In the impact assessment published in August 2009, I understand that the cost of implementing these measures was estimated at between £26.9 million and £51.1 million, but that did not include the legal cost of defending human rights actions based on Articles 8 and 12 of the ECHR, the right to private and family life and the right to marry and found a family respectively. Can we have an update on the cost, including an estimate of the legal fees that will be incurred?
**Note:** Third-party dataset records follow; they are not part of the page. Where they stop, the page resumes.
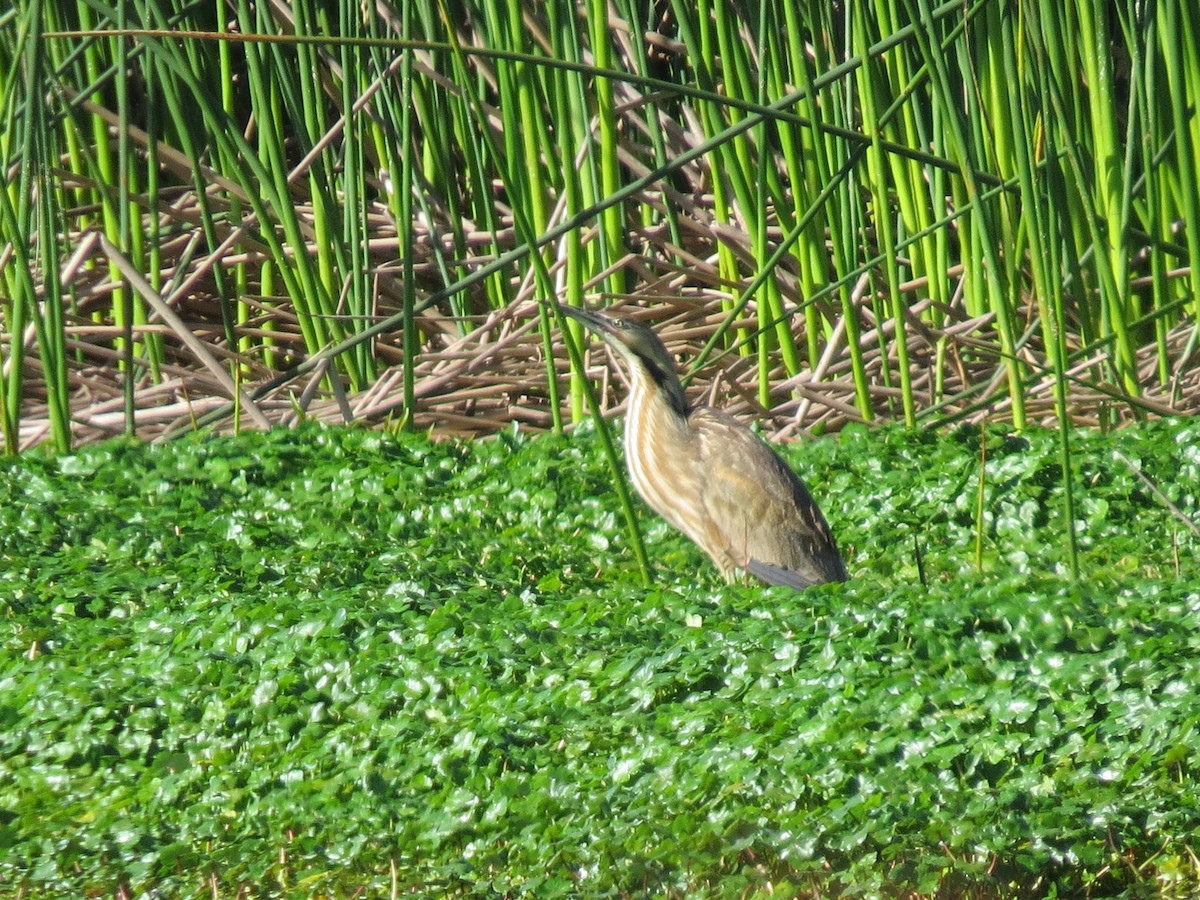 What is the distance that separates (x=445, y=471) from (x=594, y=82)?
5.14 ft

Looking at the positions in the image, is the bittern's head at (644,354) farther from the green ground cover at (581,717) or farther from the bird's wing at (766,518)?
the green ground cover at (581,717)

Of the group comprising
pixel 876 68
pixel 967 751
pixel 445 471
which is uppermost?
pixel 876 68

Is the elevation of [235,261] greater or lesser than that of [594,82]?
lesser

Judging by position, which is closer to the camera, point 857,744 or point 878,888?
point 878,888

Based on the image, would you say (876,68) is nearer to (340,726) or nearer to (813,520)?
(813,520)

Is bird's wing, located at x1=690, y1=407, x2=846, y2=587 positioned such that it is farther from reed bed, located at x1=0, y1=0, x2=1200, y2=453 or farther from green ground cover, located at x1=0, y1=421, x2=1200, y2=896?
reed bed, located at x1=0, y1=0, x2=1200, y2=453

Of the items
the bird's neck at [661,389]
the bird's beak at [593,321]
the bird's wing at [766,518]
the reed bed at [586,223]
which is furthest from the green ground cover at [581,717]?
the reed bed at [586,223]

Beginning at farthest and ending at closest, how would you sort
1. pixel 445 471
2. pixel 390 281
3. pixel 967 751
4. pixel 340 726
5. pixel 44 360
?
pixel 390 281 → pixel 445 471 → pixel 44 360 → pixel 340 726 → pixel 967 751

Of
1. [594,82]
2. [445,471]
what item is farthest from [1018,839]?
[594,82]

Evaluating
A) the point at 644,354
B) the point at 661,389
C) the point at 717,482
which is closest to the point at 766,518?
the point at 717,482

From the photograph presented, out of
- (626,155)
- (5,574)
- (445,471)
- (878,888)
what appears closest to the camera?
(878,888)

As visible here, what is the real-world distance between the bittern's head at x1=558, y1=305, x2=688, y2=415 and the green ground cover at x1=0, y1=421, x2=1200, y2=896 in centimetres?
51

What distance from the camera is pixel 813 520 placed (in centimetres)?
429

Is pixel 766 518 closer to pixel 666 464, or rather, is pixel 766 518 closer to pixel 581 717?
pixel 666 464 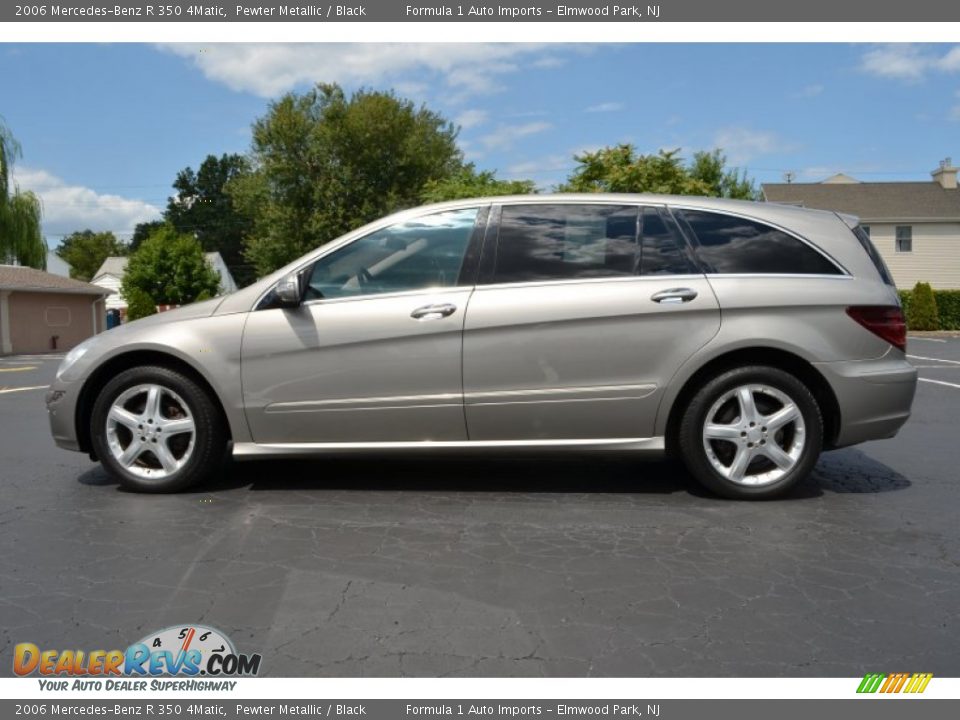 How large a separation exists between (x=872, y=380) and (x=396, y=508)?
9.01 feet

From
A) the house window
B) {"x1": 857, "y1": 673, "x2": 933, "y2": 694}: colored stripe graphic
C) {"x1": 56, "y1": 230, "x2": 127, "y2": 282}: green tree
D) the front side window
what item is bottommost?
{"x1": 857, "y1": 673, "x2": 933, "y2": 694}: colored stripe graphic

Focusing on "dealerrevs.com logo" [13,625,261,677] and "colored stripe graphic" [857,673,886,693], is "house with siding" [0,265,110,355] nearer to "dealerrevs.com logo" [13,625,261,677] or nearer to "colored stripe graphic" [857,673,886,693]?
"dealerrevs.com logo" [13,625,261,677]

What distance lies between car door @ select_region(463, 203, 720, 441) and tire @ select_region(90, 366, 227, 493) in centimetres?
157

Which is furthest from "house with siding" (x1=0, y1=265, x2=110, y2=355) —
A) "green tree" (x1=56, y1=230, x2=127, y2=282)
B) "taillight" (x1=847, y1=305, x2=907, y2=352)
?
"green tree" (x1=56, y1=230, x2=127, y2=282)

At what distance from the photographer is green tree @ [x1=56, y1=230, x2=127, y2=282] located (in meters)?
99.2

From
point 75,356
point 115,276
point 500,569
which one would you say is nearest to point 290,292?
point 75,356

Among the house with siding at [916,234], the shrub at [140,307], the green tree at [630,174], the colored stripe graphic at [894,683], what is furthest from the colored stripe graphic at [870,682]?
the shrub at [140,307]

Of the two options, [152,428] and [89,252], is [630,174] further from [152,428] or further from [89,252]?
[89,252]

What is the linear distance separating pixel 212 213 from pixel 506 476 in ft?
313

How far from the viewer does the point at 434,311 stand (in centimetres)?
443

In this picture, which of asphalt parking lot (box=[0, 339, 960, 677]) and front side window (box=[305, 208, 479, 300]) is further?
front side window (box=[305, 208, 479, 300])

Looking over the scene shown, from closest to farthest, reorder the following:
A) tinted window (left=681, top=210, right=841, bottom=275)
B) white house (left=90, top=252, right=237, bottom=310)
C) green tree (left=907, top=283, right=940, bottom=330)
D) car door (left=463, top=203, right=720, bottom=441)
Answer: car door (left=463, top=203, right=720, bottom=441)
tinted window (left=681, top=210, right=841, bottom=275)
green tree (left=907, top=283, right=940, bottom=330)
white house (left=90, top=252, right=237, bottom=310)

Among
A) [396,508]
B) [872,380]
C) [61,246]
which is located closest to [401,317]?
[396,508]

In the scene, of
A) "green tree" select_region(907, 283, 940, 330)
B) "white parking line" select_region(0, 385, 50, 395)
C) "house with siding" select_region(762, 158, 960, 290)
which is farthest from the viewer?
"house with siding" select_region(762, 158, 960, 290) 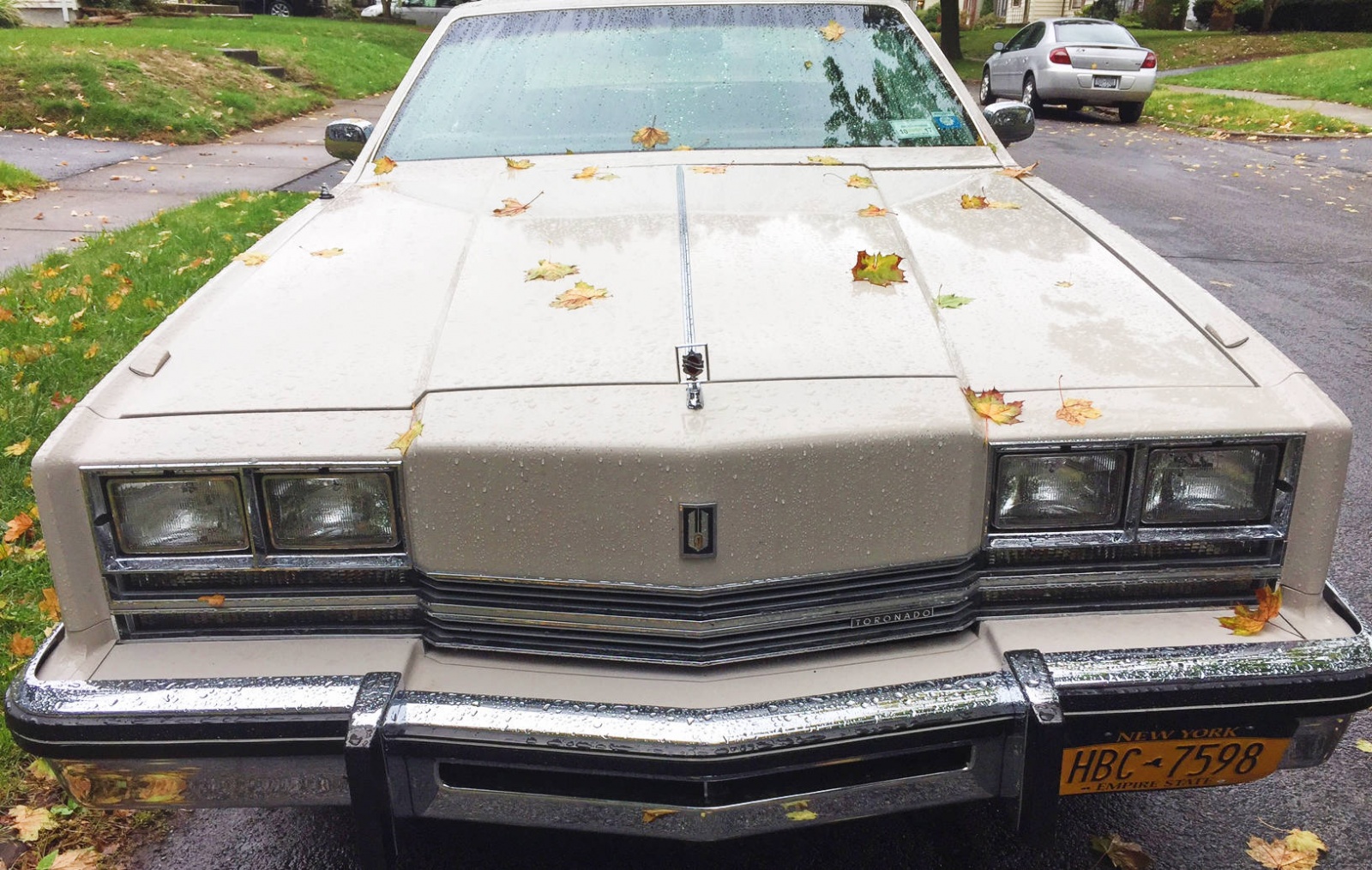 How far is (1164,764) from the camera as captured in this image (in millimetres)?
1870

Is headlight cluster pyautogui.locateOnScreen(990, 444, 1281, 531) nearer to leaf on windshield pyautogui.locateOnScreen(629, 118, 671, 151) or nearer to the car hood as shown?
the car hood

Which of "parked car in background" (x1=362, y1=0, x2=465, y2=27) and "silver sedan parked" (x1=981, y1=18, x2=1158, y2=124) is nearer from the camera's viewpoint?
"silver sedan parked" (x1=981, y1=18, x2=1158, y2=124)

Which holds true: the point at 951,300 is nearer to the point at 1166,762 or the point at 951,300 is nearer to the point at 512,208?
the point at 1166,762

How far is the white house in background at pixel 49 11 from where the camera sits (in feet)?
72.6

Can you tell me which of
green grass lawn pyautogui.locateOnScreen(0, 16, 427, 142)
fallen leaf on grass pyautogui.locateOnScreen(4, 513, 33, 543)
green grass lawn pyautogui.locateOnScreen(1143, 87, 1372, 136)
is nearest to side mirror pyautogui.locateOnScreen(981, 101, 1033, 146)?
Answer: fallen leaf on grass pyautogui.locateOnScreen(4, 513, 33, 543)

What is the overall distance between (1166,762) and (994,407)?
0.68 metres

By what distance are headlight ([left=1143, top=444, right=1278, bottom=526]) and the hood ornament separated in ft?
2.53

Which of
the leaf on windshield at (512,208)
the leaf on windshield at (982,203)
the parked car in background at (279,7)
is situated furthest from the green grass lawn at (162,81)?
the parked car in background at (279,7)

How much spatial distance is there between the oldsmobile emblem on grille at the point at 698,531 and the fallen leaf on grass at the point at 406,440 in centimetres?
45

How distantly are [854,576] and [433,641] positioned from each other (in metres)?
0.74

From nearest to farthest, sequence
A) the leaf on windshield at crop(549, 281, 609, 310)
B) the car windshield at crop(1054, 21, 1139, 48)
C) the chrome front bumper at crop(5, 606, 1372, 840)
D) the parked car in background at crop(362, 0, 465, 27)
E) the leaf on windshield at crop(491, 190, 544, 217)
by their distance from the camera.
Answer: the chrome front bumper at crop(5, 606, 1372, 840) → the leaf on windshield at crop(549, 281, 609, 310) → the leaf on windshield at crop(491, 190, 544, 217) → the car windshield at crop(1054, 21, 1139, 48) → the parked car in background at crop(362, 0, 465, 27)

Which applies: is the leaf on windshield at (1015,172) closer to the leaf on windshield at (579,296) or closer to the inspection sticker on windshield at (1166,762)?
the leaf on windshield at (579,296)

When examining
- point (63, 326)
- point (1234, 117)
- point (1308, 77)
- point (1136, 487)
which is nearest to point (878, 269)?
Answer: point (1136, 487)

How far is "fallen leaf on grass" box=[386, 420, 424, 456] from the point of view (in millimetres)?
1769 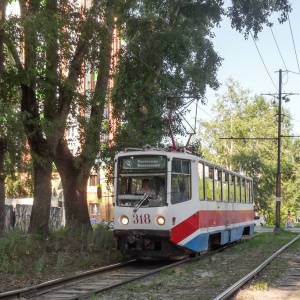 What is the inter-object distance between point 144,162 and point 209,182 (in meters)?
3.29

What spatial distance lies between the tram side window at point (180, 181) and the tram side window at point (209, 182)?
64.8 inches

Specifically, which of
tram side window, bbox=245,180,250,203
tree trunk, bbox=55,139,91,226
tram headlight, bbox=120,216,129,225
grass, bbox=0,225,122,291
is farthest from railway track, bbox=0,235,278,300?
tram side window, bbox=245,180,250,203

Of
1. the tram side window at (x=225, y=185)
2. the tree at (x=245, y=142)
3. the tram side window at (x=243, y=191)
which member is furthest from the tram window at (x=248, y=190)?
the tree at (x=245, y=142)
These changes, and similar ones in Germany, Denmark and France, are modelled closely on the system in place for several years past for dealing with spouses in the Netherlands, except that in the Netherlands family members of persons who have been recognised as refugees are exempted permanently from the test. Research there by Human Rights Watch has shown that the system hinders integration by preventing spouses from living together; and the operation of the test, coupled with the income requirements, high costs and long waiting periods, creates a strong impression-expressed also by the majority of migrant representatives interviewed by Human Rights Watch-that the measures are not about integration but rather about keeping people out of the country. In the words of one, they are "to close the door". I fear that that will be the legitimate reaction to this statement among immigrant communities here too, so that the damage to integration will not be confined to the families immediately affected. I beg to move.